The results of CW Capital’s $3.2-billion bulk sale of seriously troubled CMBS conduit loans began to filter through servicer reports, according to a research piece written by Jeffries. As of the February servicer reports, 77 loans from 12 fixed-rate CMBS conduit transactions had a current balance at disposition of $2.15 billion. Only 2 of the 77 loans were liquidated at no loss. Of the 75 other loans, the average loss severity was 54%. One property, Pheasant Run Resort, experienced a loss of 100%; the sales proceeds of $5.65 million were insufficient to pay accrued interest and costs. In terms of dollars, the highest loss severity was incurred by the Hyatt Regency – Jacksonville, Florida, which sustained a loss of $118 million on a loan that carried a principal balance excluding accrued interest of $150 million.

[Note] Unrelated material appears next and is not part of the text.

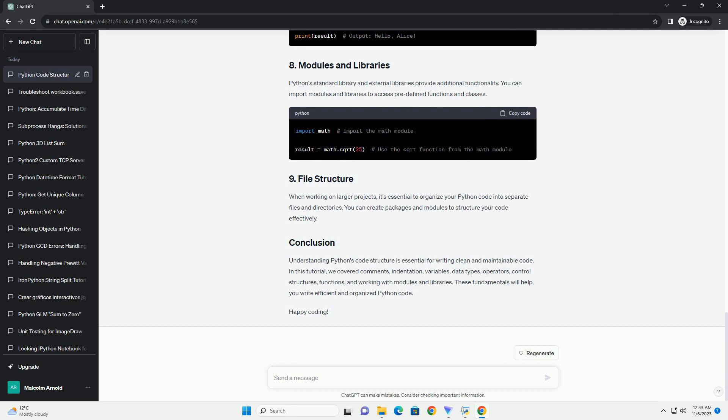Follow these best practices for maintaining a clean and readable Python code structure. That's a comprehensive guide to Python code structure. By following these principles and best practices, you can write clean, organized, and maintainable Python code for your projects.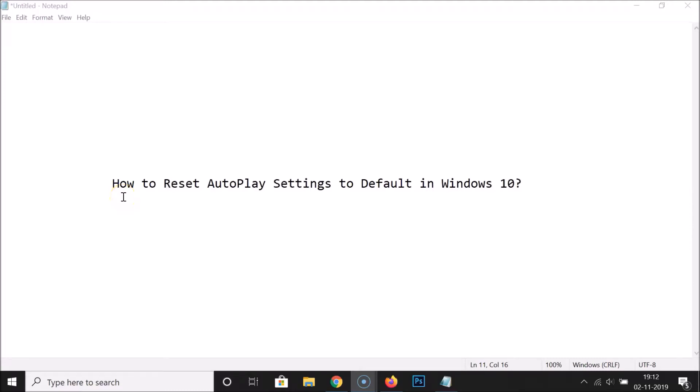Hi guys, in this tutorial I'm going to show you how to reset AutoPlay settings to default in Windows 10.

Despite these seemingly depressing results, 40 of the sold loans resulted in proceeds that were in excess of their most recent appraised values, Jeffries noted. The fact that 40 of these sales reaped higher proceeds than recent appraisals underscores the recovery that continues in the commercial properties markets, assisted in large part by the depth of the current bid for distressed loans and assets and plentiful/cheap sources of debt.
Based on the overall positive results of the sale, additional sales may hit the market, as sentiment is that selling distressed assets today may be more feasible than waiting for further increases in value given the substantial costs to carry distressed assets.